=== Begin Enclosure ===

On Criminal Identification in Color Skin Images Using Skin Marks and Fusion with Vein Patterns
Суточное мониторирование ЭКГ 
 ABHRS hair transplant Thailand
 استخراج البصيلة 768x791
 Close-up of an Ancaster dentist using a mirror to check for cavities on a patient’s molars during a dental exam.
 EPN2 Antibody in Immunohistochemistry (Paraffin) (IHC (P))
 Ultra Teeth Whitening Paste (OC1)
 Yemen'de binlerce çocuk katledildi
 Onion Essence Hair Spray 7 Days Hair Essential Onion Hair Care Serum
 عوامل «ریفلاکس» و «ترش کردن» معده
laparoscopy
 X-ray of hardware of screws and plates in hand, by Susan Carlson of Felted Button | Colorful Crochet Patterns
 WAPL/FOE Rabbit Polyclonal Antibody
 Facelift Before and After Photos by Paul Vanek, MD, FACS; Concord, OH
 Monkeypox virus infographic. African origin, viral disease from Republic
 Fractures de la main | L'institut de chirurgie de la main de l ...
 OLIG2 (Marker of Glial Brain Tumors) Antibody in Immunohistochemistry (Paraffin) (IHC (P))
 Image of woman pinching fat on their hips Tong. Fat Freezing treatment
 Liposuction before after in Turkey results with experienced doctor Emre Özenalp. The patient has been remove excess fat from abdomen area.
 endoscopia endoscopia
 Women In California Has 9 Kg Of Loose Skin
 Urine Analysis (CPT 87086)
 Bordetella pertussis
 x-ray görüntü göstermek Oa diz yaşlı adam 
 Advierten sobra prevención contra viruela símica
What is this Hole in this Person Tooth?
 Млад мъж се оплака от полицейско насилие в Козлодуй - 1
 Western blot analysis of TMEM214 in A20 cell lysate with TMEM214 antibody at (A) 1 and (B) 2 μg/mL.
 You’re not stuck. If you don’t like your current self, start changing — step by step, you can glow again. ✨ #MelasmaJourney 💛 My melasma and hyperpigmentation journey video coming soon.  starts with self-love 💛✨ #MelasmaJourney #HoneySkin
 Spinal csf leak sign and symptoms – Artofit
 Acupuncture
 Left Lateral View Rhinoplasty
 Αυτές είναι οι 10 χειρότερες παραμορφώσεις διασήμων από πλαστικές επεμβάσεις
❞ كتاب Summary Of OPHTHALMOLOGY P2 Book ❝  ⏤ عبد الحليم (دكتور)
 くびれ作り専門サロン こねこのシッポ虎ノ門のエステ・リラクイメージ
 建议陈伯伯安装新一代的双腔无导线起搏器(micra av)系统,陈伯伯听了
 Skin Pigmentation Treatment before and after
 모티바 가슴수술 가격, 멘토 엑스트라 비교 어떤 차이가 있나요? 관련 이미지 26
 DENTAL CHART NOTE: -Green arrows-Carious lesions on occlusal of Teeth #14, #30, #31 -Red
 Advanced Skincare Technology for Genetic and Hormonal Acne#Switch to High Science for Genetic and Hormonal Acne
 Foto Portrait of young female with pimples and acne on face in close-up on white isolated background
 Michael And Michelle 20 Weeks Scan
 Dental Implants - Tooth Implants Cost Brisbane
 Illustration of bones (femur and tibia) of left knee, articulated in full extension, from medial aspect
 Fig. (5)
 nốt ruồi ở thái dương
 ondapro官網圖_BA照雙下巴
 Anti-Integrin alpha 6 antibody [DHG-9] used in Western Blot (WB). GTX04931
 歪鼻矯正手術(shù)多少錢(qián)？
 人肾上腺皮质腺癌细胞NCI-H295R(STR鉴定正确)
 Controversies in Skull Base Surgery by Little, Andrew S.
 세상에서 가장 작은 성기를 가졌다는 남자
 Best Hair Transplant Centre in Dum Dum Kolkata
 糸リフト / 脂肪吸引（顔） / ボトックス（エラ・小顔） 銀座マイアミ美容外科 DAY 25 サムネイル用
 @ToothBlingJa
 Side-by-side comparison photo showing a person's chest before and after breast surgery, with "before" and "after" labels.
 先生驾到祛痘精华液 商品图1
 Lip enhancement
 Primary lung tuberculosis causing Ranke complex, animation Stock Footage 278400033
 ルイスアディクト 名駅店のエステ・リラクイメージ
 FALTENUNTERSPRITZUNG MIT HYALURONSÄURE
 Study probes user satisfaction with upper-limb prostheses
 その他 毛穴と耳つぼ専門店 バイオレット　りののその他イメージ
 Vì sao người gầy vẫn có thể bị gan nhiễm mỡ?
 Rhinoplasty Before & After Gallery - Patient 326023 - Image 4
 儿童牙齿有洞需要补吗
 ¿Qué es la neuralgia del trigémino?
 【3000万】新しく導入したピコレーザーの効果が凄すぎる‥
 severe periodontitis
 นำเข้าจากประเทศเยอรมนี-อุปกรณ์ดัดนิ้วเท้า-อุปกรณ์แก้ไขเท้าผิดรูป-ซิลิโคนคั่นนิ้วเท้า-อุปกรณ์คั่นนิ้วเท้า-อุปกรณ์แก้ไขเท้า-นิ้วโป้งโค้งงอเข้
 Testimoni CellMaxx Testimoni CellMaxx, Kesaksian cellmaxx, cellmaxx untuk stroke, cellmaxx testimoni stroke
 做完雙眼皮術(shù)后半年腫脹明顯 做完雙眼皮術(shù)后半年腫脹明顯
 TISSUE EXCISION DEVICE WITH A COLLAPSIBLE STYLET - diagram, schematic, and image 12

=== End Enclosure ===

Wherever the string "Teeth" is found in the entries, copy the line it sits in.

 Ultra Teeth Whitening Paste (OC1)
 DENTAL CHART NOTE: -Green arrows-Carious lesions on occlusal of Teeth #14, #30, #31 -Red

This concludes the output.